§ **WHAT THE TASK REQUIRES**: Using the records that follow, reproduce exactly the lines starting at the line containing "Path 1560 Dining Chair Bross Italy" and ending at the line containing "封天之战手游九游版下载". Include both end lines and no pictures.

§ **THE DATA**:
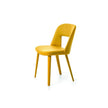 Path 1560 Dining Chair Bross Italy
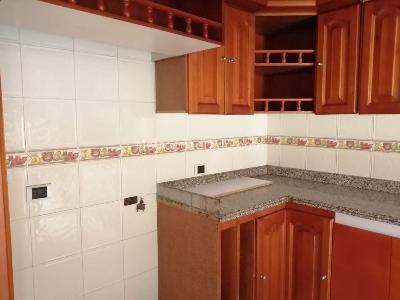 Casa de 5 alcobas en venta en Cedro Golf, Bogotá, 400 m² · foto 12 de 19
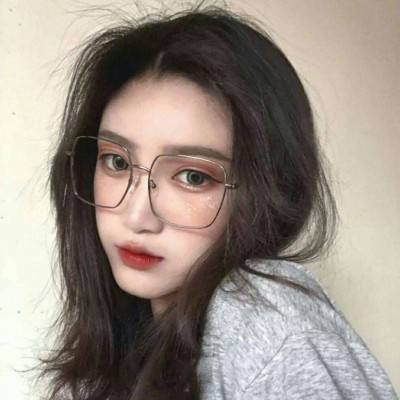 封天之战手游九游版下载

--

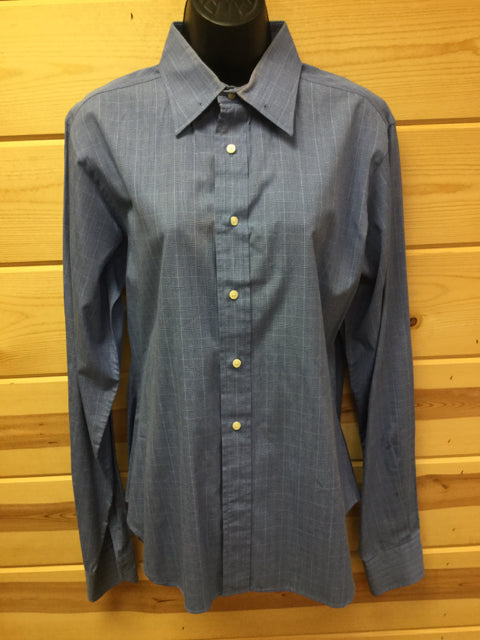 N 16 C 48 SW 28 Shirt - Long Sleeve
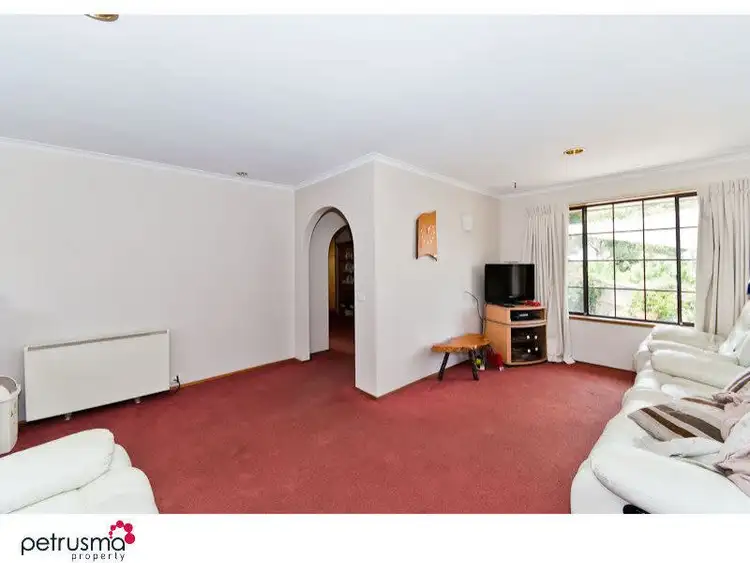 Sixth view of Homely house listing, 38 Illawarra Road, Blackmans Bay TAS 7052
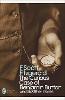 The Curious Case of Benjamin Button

--

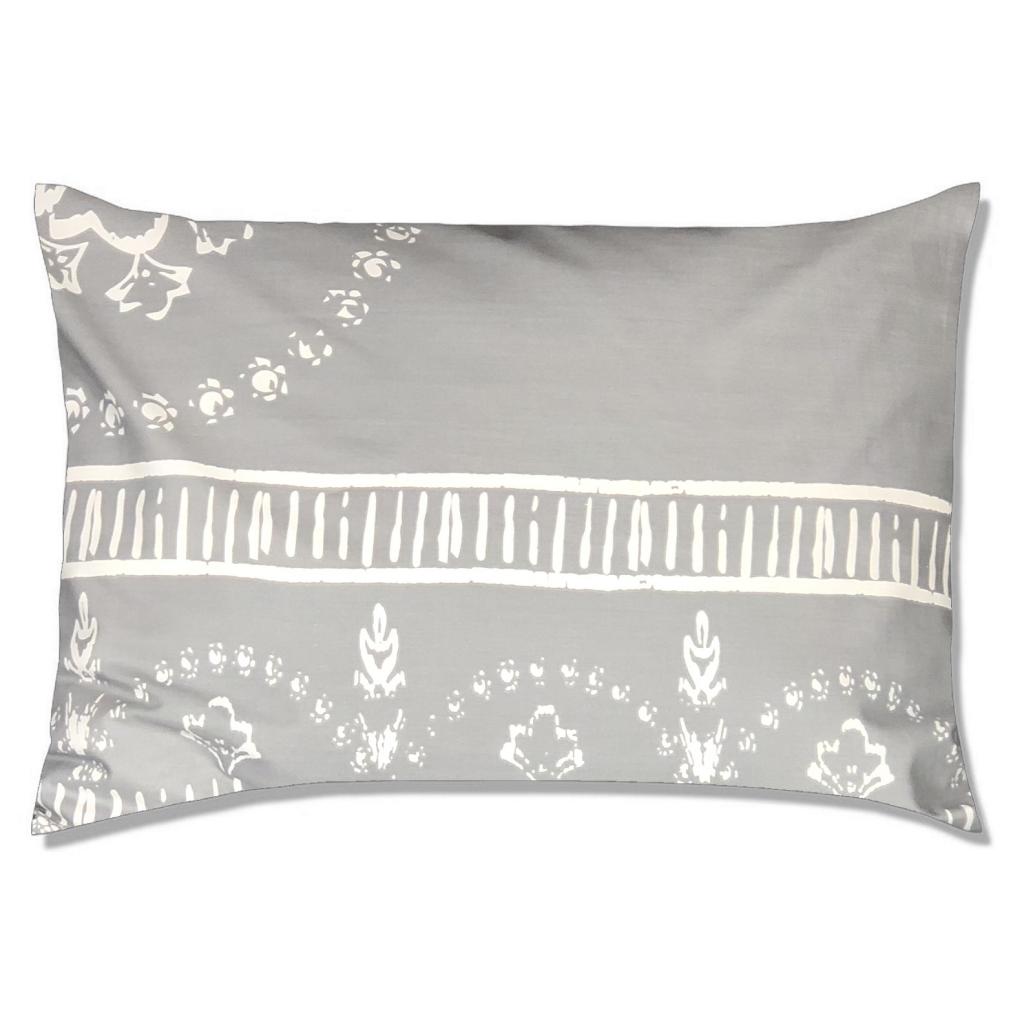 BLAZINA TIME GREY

§ **ANSWER SECTION**:
 Path 1560 Dining Chair Bross Italy
 Casa de 5 alcobas en venta en Cedro Golf, Bogotá, 400 m² · foto 12 de 19
 封天之战手游九游版下载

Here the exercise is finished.